## Task details
The reply should contain every entry exactly as given, with no pictures in it.

Segment Open

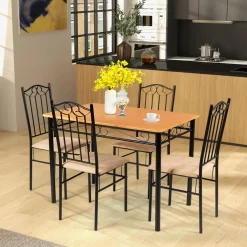 Tangkula 5 Piece Dining Table Set, Vintage Wood Top Padded Seat Dining Table and Chairs Set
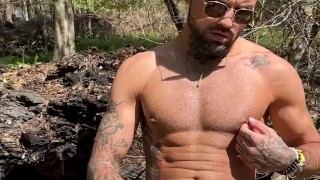 JEFFREY LLOYD - plays with his big uncut dick in the woods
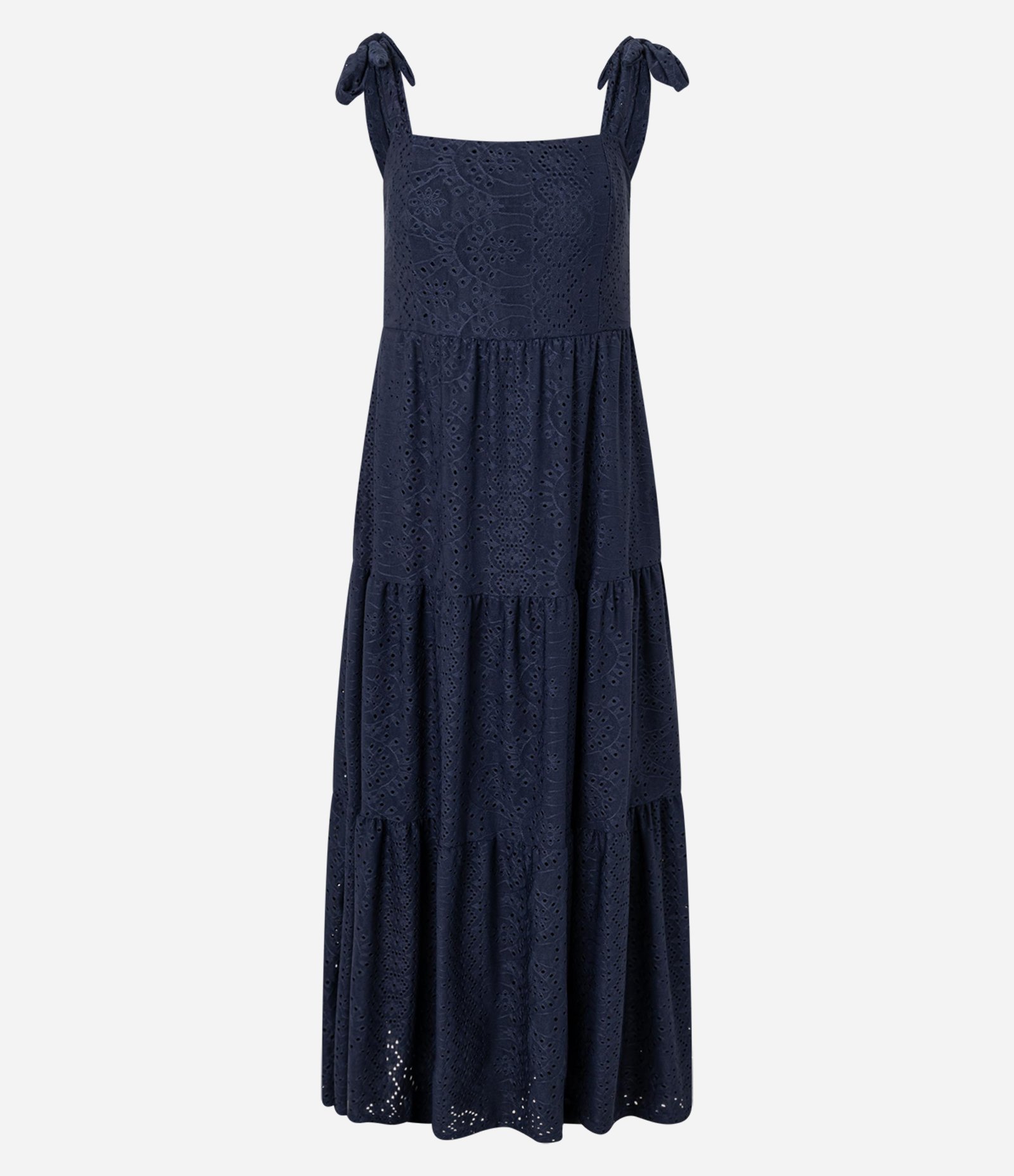 Vestido Midi em Laise com Amarração nos Ombros Azul 5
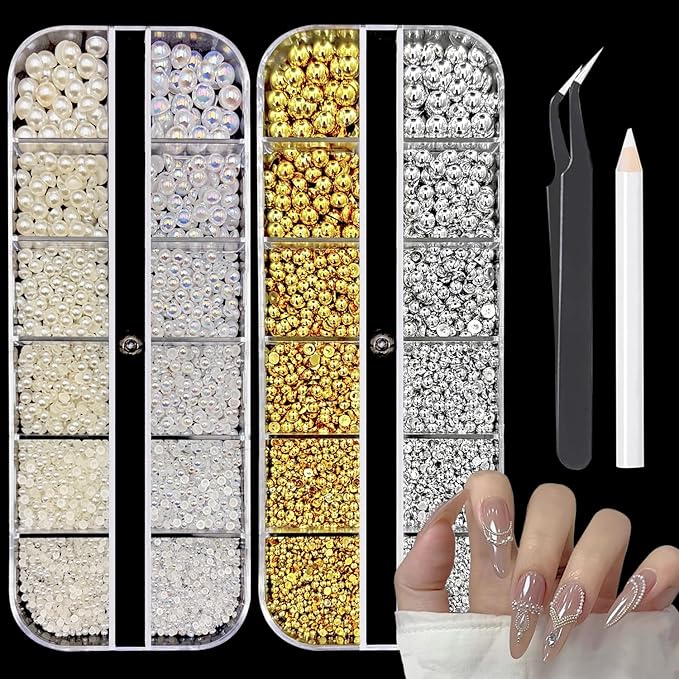 Nail Charms Jewels Manicure Kit with Pickup Pencil and Tweezers, Flatback Pearls for Face Makeup Face Gems and Flatback Sliver & Glod Half Round Beads Nail Gems for Nail Art and Manicure Decor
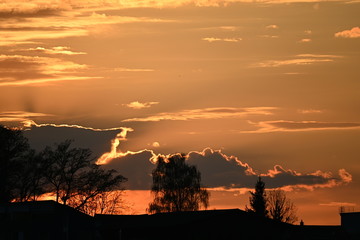 Wolken, Sky, Cloud, rot, Abendrot, Morgenrot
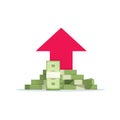 Money growth vector illustration, flat cartoon paper money pile with revenue graph, concept of income increase or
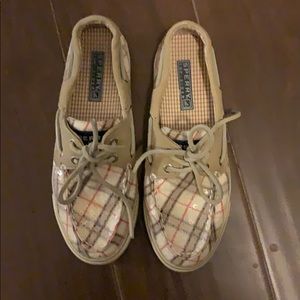 Plaid sequin Sperry topsider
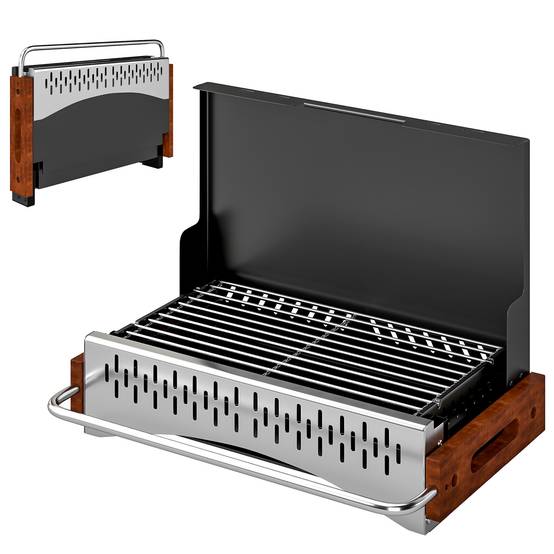 Barbecue charbon pliable portable 50,5x34x33cm, bac à charbon amovible, camping pique-nique noir - Image 2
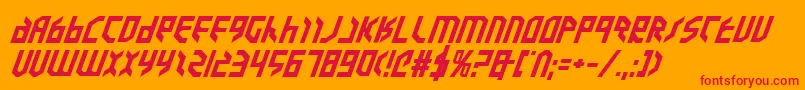 ValkyrieExpandedBoldItalic Font – Red Fonts on Orange Background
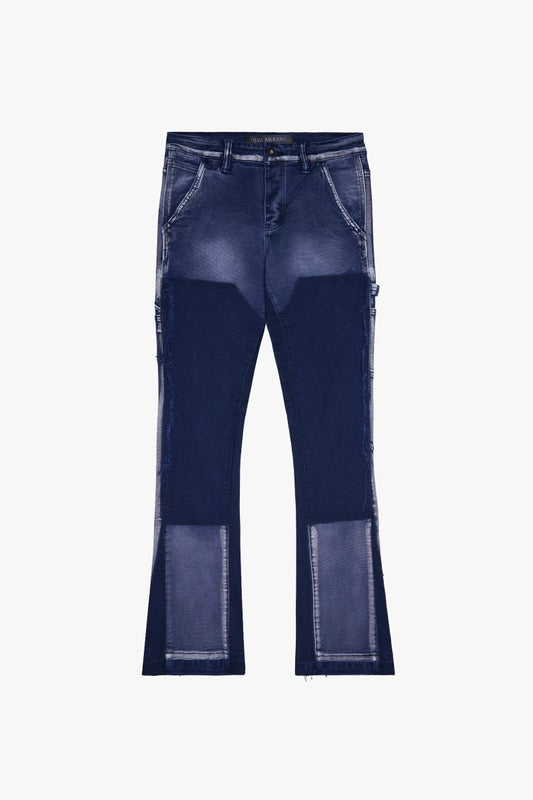 "THE CARPENTER” STACKED FLARE JEAN BLUE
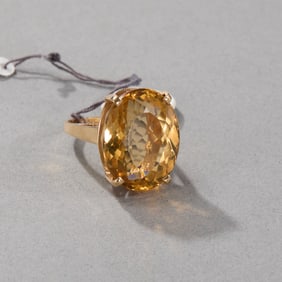 14k Yellow Gold Citrine and Diamond Ring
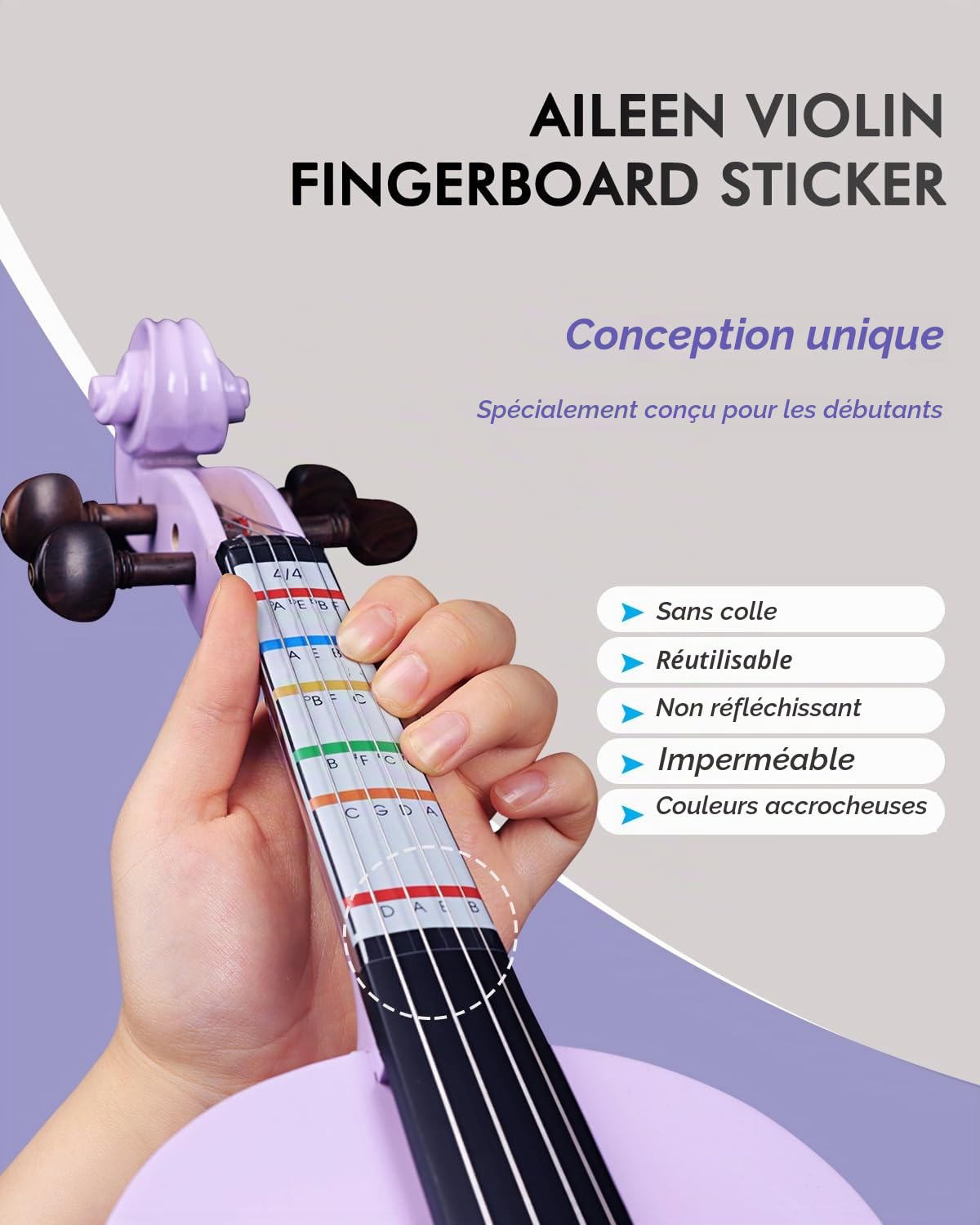 Aileen 4/4 Violon pour Adultes Débutants, Kit de Démarrage pour Enfants 12+, Ensemble Violet avec 13 Accessoires, Pupitre, Autocollant Touche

Segment Closed

## Written answer
 Tangkula 5 Piece Dining Table Set, Vintage Wood Top Padded Seat Dining Table and Chairs Set
 JEFFREY LLOYD - plays with his big uncut dick in the woods
 Vestido Midi em Laise com Amarração nos Ombros Azul 5
 Nail Charms Jewels Manicure Kit with Pickup Pencil and Tweezers, Flatback Pearls for Face Makeup Face Gems and Flatback Sliver & Glod Half Round Beads Nail Gems for Nail Art and Manicure Decor
 Wolken, Sky, Cloud, rot, Abendrot, Morgenrot
 Money growth vector illustration, flat cartoon paper money pile with revenue graph, concept of income increase or
 Plaid sequin Sperry topsider
 Barbecue charbon pliable portable 50,5x34x33cm, bac à charbon amovible, camping pique-nique noir - Image 2
 ValkyrieExpandedBoldItalic Font – Red Fonts on Orange Background
 "THE CARPENTER” STACKED FLARE JEAN BLUE
 14k Yellow Gold Citrine and Diamond Ring
 Aileen 4/4 Violon pour Adultes Débutants, Kit de Démarrage pour Enfants 12+, Ensemble Violet avec 13 Accessoires, Pupitre, Autocollant Touche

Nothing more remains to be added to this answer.